Unbiased research and the human spirit: the challenges of randomized controlled trials

Kenneth F. Schulz, PhD, MBA

Canadian Medical Association Journal 1995; 153: 783-786

[résumé]


Paper reprints of the full text may be obtained from: Dr. Kenneth F. Schulz, Division of STD/HIV Prevention, CDC Mailstop E02, 1600 Clifton Road NE, Atlanta GA 30333

Abstract

Research by Klein and associates provides useful information on the relation between episiotomy and outcomes such as perineal trauma, but the methodologic implications of their work are especially fascinating. Physicians who participated in their randomized controlled trial (RCT) were supposed to adhere to a policy of either liberal or restrictive use of episiotomy according to the study arm to which each patient was assigned. However, some used the procedure for approximately 90% of patients regardless of allocation. Klein and associates' post-hoc study [abstract] sheds light on the relation between physician attitudes and the practice of episiotomy. The author contends that the noncompliance encountered by Klein and associates reflects the fact that randomized trials are anathema to the human spirit. He offers suggestions for making RCTs more meaningful and stresses that, although RCTs are indispensible to the advancement of medical knowledge, they necessitate assiduous attention to matters of design and implementation.

Résumé

Une recherche de Klein et de ses collaborateurs fournit les renseignements utiles sur le lien entre l'épisiotomie et des résultats comme les traumatismes périnéaux, mais les répercussions méthodologiques de leurs travaux sont particulièrement fascinantes. Les médecins qui ont participé à leur étude contrôlée randomisée (ECR) devaient utiliser l'épisiotomie à volonté ou de façon limitée, selon le volet de l'étude auquel chaque patiente était affectée. Certains ont toutefois pratiqué l'intervention chez environ 90 % des patientes, sans tenir compte de l'affectation. L'étude ultérieure de Klein et de ses collaborateurs [résumé] explique le lien entre les attitudes des médecins et la pratique de l'épisiotomie. L'auteur affirme que l'inobservation constatée par Klein et ses collaborateurs démontre que les études randomisées sont un anathème pour l'être humain. Il présente des suggestions pour rendre les ECR plus significatives et insiste sur le fait que si elles sont indispensables au progrès des connaissances médicales, ces études obligent à porter une attention assidue aux questions de conception et de mise en oeuvre.

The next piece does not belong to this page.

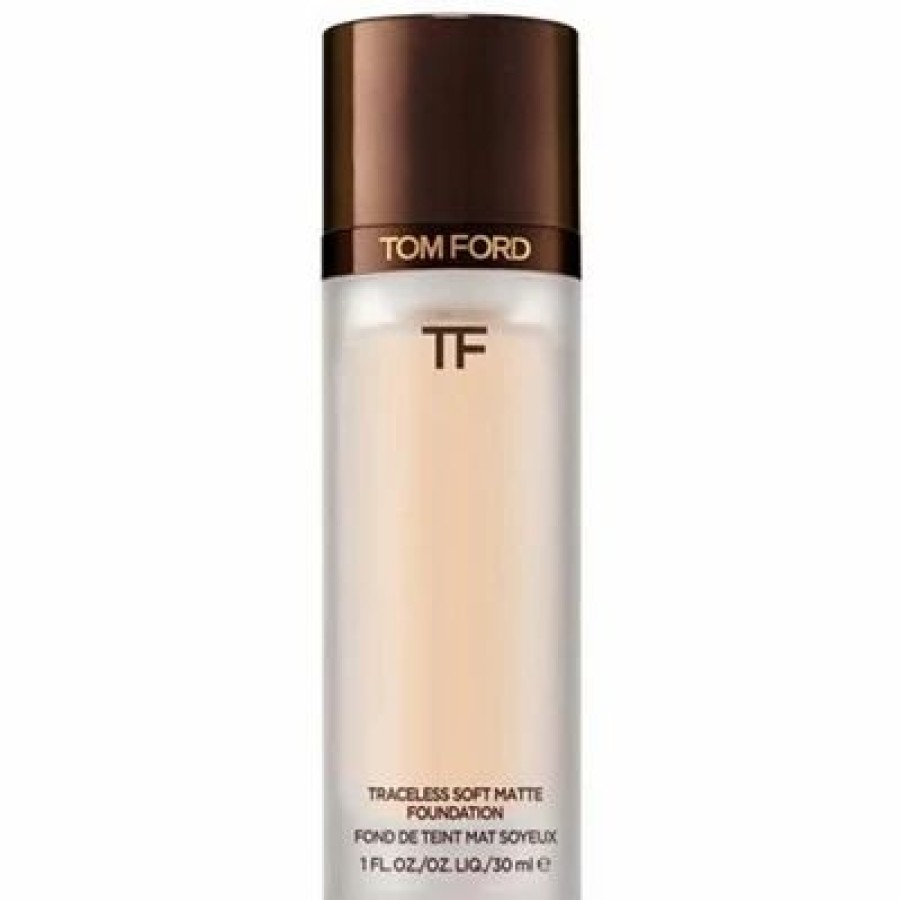 Tom Ford Traceless Soft Matte Foundation 1Oz / 30Ml | * Hot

Klein and associates' conscientious and thoughtful report on the relation between physician beliefs and the use of episiotomy (see pages 769 to 779 in this issue) augments their earlier work on episiotomy and postpartum outcomes.[1,2] Their results constitute a persuasive argument for more restricted use of episiotomy. Their studies also present fascinating methodologic implications.

The original study[1] was a randomized controlled trial (RCT). Unfortunately, its usefulness was compromised by poor physician compliance with the trial protocol. Depending upon the random allocation of patients to the "treatment" or "control" study arms, contributing physicians were to have followed a policy of either liberal or restrictive use of episiotomy. However, Klein and associates detected that many did not alter their use of episiotomy as required and employed episiotomy approximately 90% of the time for participants in either trial arm. Not surprisingly, the culprits turned out to be those who viewed episiotomy favourably.

Advances in health care depend upon the knowledge gained from unbiased studies. Because RCTs provide the only hope of eliminating selection biases from investigations, they serve as the foundation for advancing medical science.

However, Klein and associates' work exemplifies another side of RCTs: they are anathema to the human spirit. Researchers need to realize that, given the opportunity, trial implementers will frequently subvert the intended aims of random assignment. Subversion can be prevented or deflected, however, with painstaking attention to design and implementation.

The best-laid plans

Klein and associates are to be commended for their fine work. First, they executed an intention-to-treat analysis of their RCT. They termed further nonrandomized comparisons "post-hoc cohort" analyses and the present study an "exploratory and hypothesis-generating exercise." They appear to have analysed and reported their results responsibly.

Their RCT was, however, seriously affected by physician noncompliance with the randomly assigned therapy. Physicians who viewed episiotomy favourably or very favourably performed the procedure with similar frequencies regardless of the trial arm to which the participants had been assigned. Obviously, trials in which so much therapeutic contamination occurs are of limited value. Hence, Klein and associates subjected their results to further research and analysis. Because the results of their post-hoc studies are perhaps more meaningful than those of the original trial, one might surmise that doing an RCT under such circumstances wastes time, energy and money. Why not just begin with a nonrandomized, observational study?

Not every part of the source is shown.